Friday, February 29, 2008
Paul has precisely described for husband and wife what is fitting behavior for each: she should reverence him as the head and he should love her as his body. But how is this behavior achieved? That it must be is clear; now I will tell you how. It will be achieved if we are detached from money, if we strive above everything for virtue, if we keep the fear of God before our eyes. What Paul says to servants in the next chapter applies to us as well, ...knowing that whatever good anyone does, he will receive the same again from the Lord (Eph. 6:8). Love her not so much for her own sake, but for Christ's sake. That is why he says, be subject...as to the Lord. Do everything for the Lord's sake, in a spirit of obedience to Him. These words should be enough to convince us to avoid quarrels and disagreements. No husband should believe any accusation he hears from a third party about his wife, and vice versa; nor should a wife unreasonably monitor her huband's comings and going, provided that he has always shown himself to be above suspicion. And what if you devote the day to your work and your friends, and the evening to your wife; but she is still not satisfied, but is jealous for more of your time? Don't be annoyed by her complaints; she loves you, she is not behaving absurdly--her complaints come from her fervent affection for you, and from fear. Yes, she is afraid that her marriage bed will be stolen, that someone will deprive her of her greatest blessing, that someone will take from her him who is her head.
A wife should never nag her husband: "You lazy coward, you have no ambition! Look at our relatives and neighbors; they have plenty of money. Their wives have far more than I do." Let no wife say any such thing; she is her husband's body, and it is not for her to dictate to her head, but to submit and obey. "But why should she endure poverty?" some will ask. If she is poor, let her console herself by thinking of those who are much poorer still. If she really loved her husband, she would never speak to him like that, but would value having him close to her more than all the gold in the world....Furnish your house neatly and soberly. If the bridegroom shows his wife that he takes no pleasure in worldly excess, and will not stand for it, their marriage will remain free from the evil influences that are so popular these days. Let them shun the immodest music and dancing that are currently so fashionable.

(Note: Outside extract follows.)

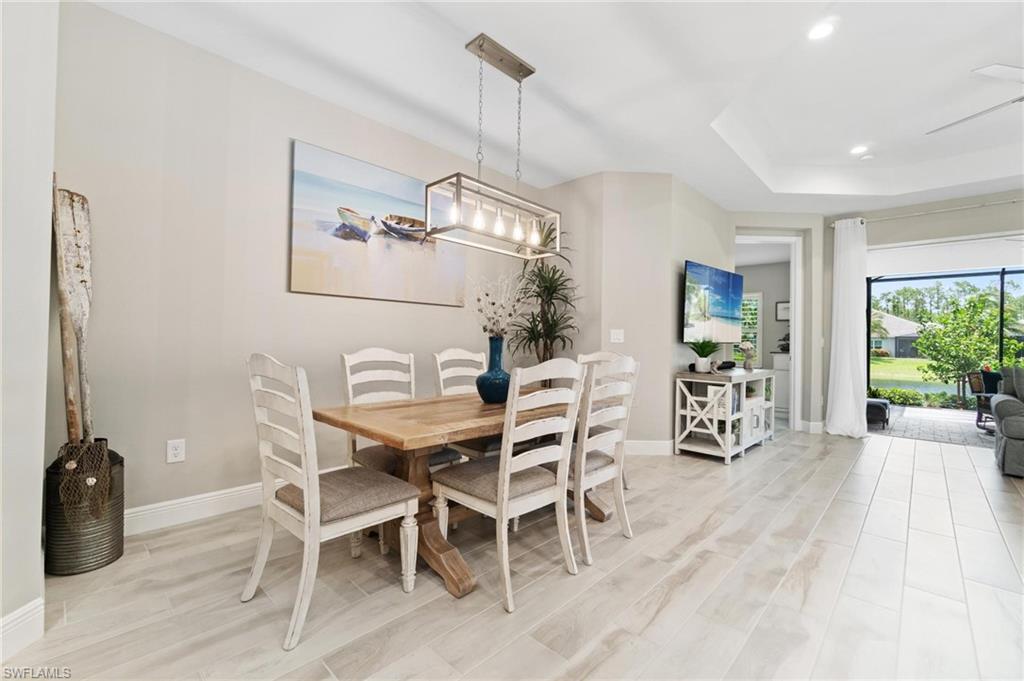 2298 Marquesa Circle Naples, FL 34112 - Photo 7 of 50 a view of a dining room with furniture window and outside view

I am aware that many people think me ridiculous for giving such advice; but if you listen to me, you will understand the advantages of a sober lifestyle more and more as time goes on. You will no longer laugh at me, but will laugh instead at the way people live now like silly children or drunken men. What is our duty, then? Remove from your lives shameful, immodest, and Satanic music, and don't associate with people who enjoy such profligate entertainment. When your bride sees your manner of life, she will say to herself, "Wonderful! What a wise man my husband is! He regards this passing life as nothing; he bas married me to be a good mother for his children and a prudent manager of his household." Will this sort of life be distasteful for a young bride? Only perhaps for the shortest time, and soon she will discover how delightful it is to live this way. She will retain her modesty if you retain yours. Don't engage in idle conversations; it never profits anyone to talk too much. Whenever you give your wife advice, always begin by telling her how much you love her. Nothing will persuade her so well to admit the wisdom of your words as her assurance that you are speaking to her with sincere affection. Tell her that you are convinced that money is not important, that only thieves thirst for it constantly, that you love her more than gold; and indeed an intelligent, discreet and pious young woman is worth more than all the money in the world. Show her that you value her company, and prefer being at home to being out. Esteem her in the presence of your friends and children. Pray together at home and go to Church; when you come back home, let each ask the other the meaning of the readings and the prayers. If you are overtaken by poverty, remember Peter and Paul, who were more honored than kings or rich men, though they spent their lives in hunger and thirst. Remind one another that nothing in life is to be feared, except offending God. If your marriage is like this, your perfection will rival the holiest of monks.